Given records =>
◇ ◇ ◇ ◇ ◇ ◇ ◇
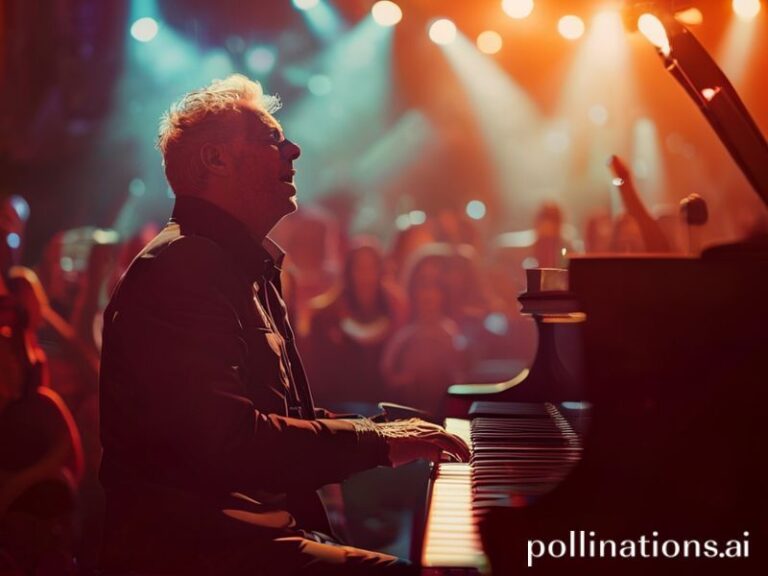 Trending: richard marx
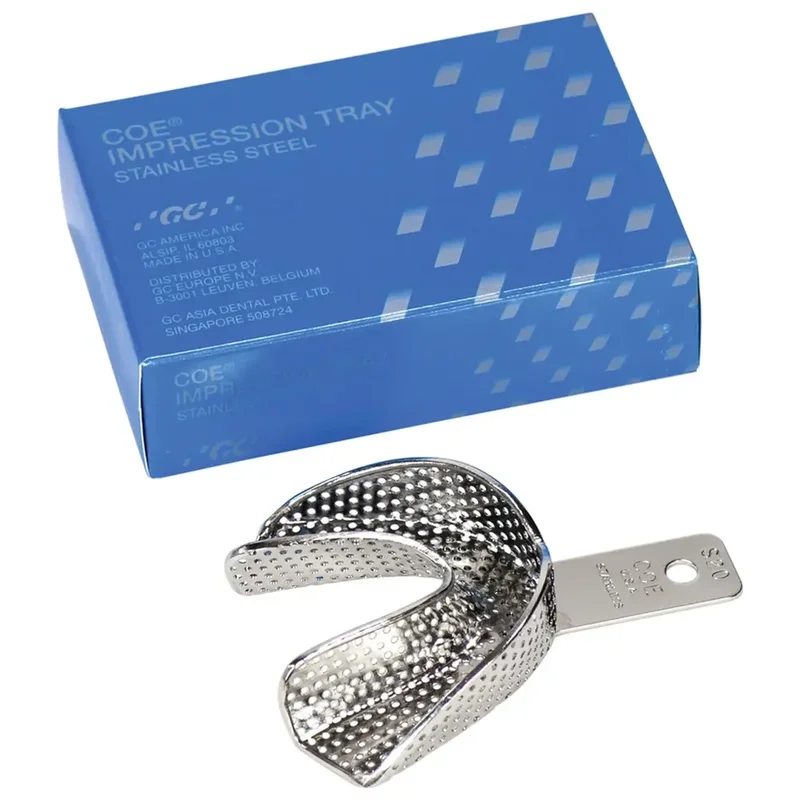 denta-tec-220260711021041741027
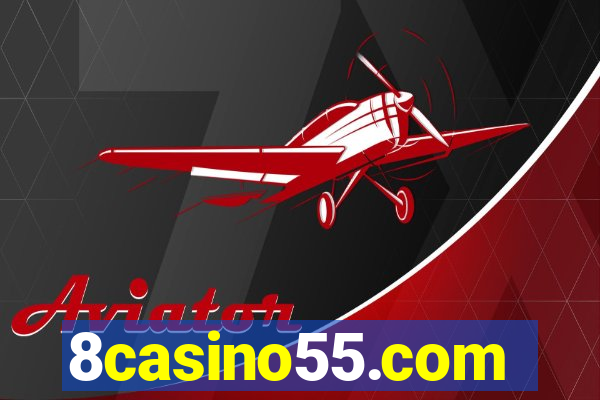 8casino55.com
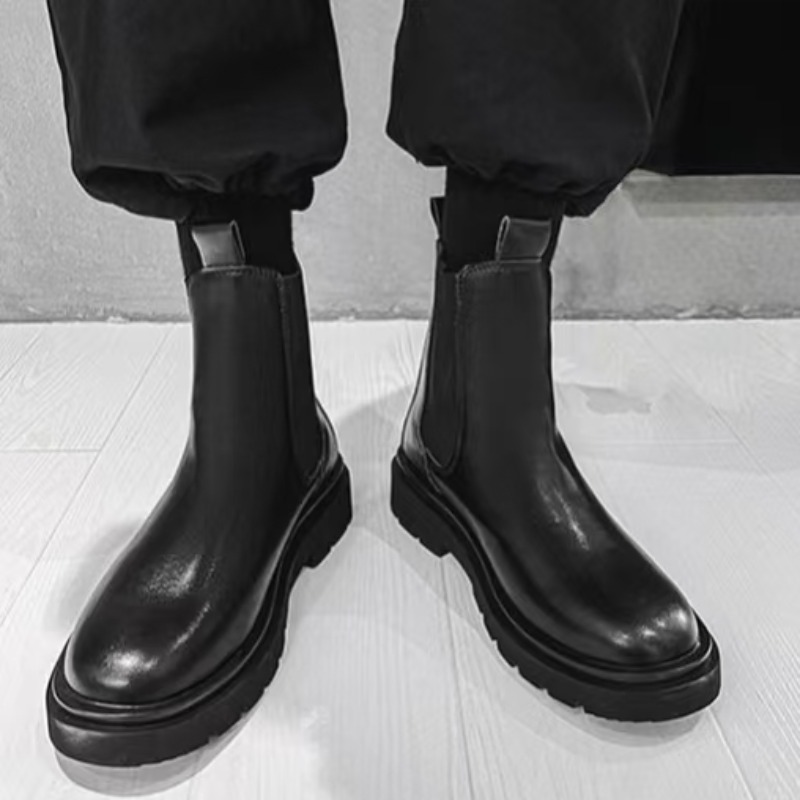 New Waterproof Knight Boots Me - Waterproof Winter Boot 评论和价格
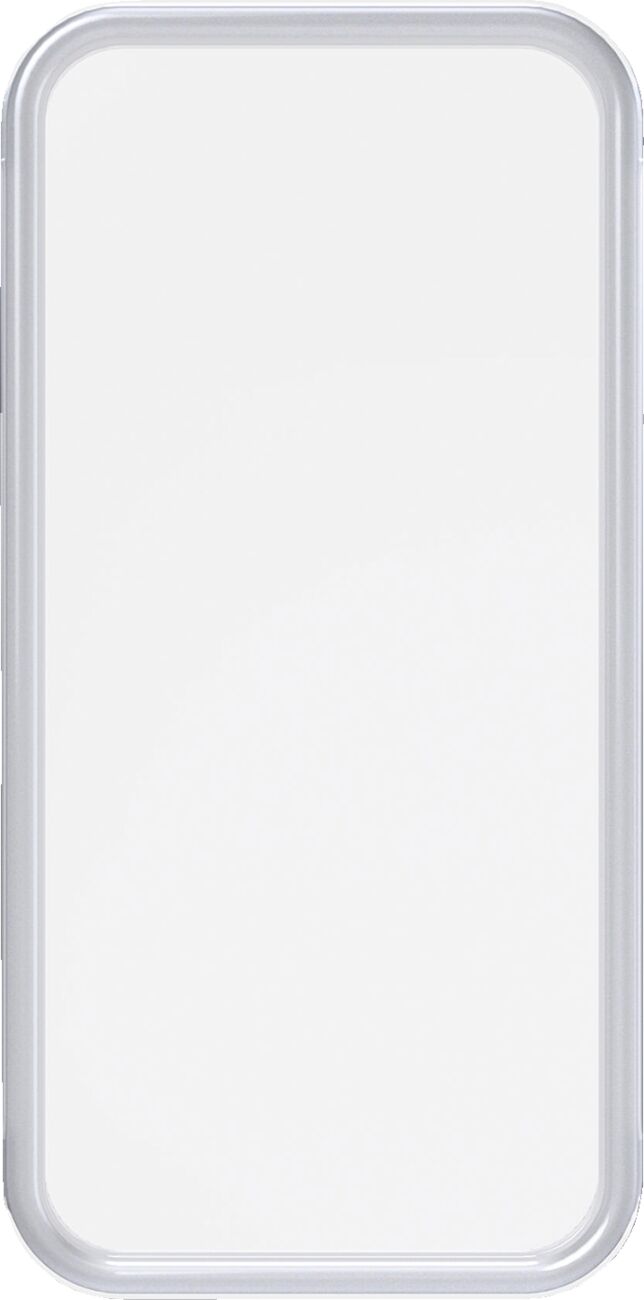 WEATHER COVER IPHONE 16 PRO MA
◇ ◇ ◇ ◇ ◇ ◇ ◇
Assigned task =>
Without the pictures, return the entries exactly as they appear.

Task solution =>
 Trending: richard marx
 denta-tec-220260711021041741027
 8casino55.com
 New Waterproof Knight Boots Me - Waterproof Winter Boot 评论和价格
 WEATHER COVER IPHONE 16 PRO MA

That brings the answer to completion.